# Task to carry out
Output, exactly and in full, only the lines from the one containing "Images Royal Plumbing, Heating" to the last line of the data. Pictures should not appear.

-------- The input

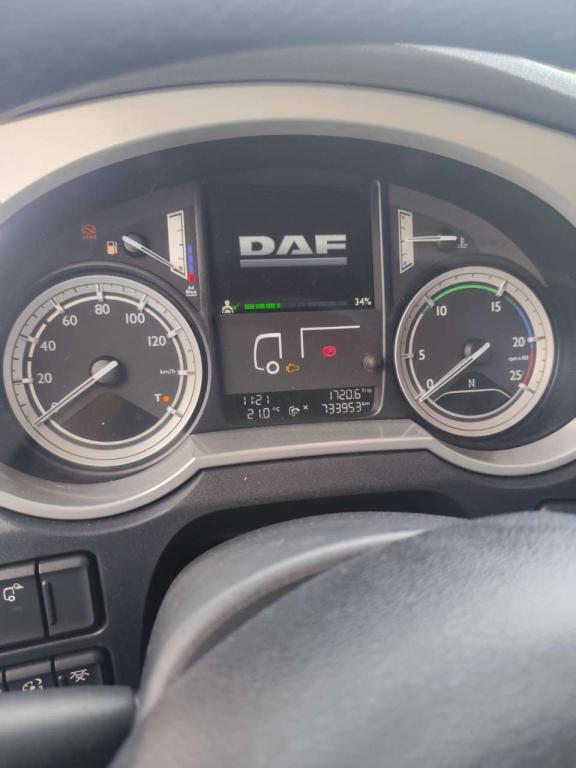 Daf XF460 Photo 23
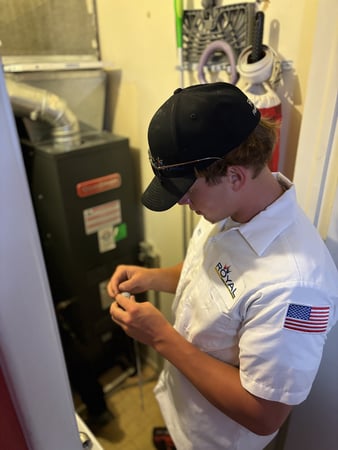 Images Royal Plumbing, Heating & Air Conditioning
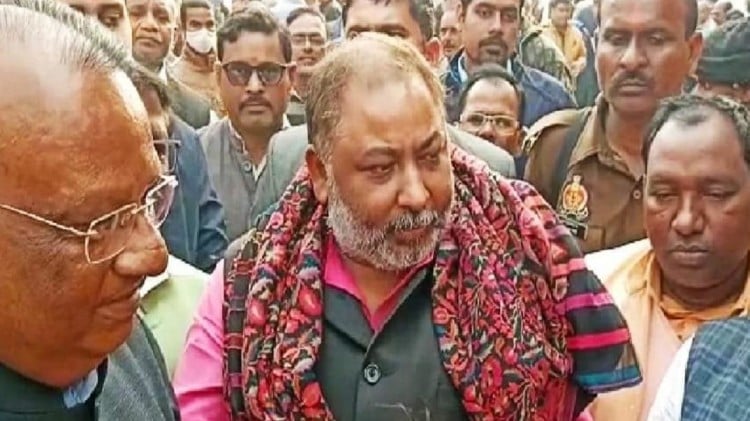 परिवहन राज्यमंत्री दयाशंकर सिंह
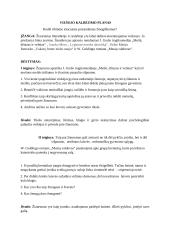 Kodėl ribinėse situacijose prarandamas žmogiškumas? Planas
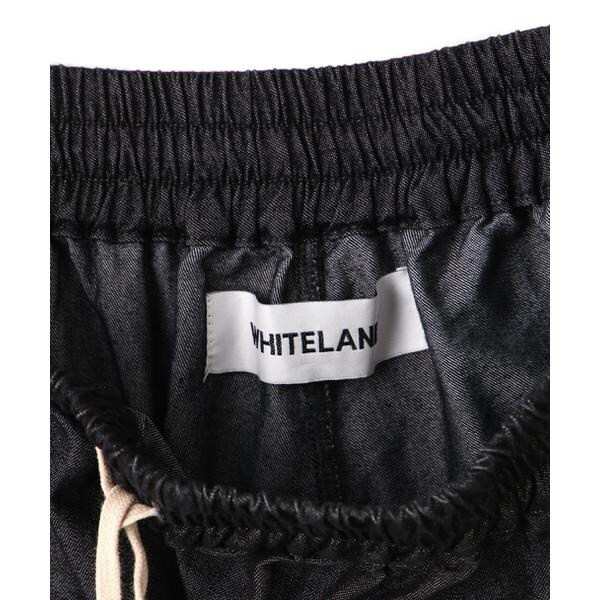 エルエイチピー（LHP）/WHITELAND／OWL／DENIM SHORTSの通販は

----------------

# Exercise solution
 Images Royal Plumbing, Heating & Air Conditioning
 परिवहन राज्यमंत्री दयाशंकर सिंह
 Kodėl ribinėse situacijose prarandamas žmogiškumas? Planas
 エルエイチピー（LHP）/WHITELAND／OWL／DENIM SHORTSの通販は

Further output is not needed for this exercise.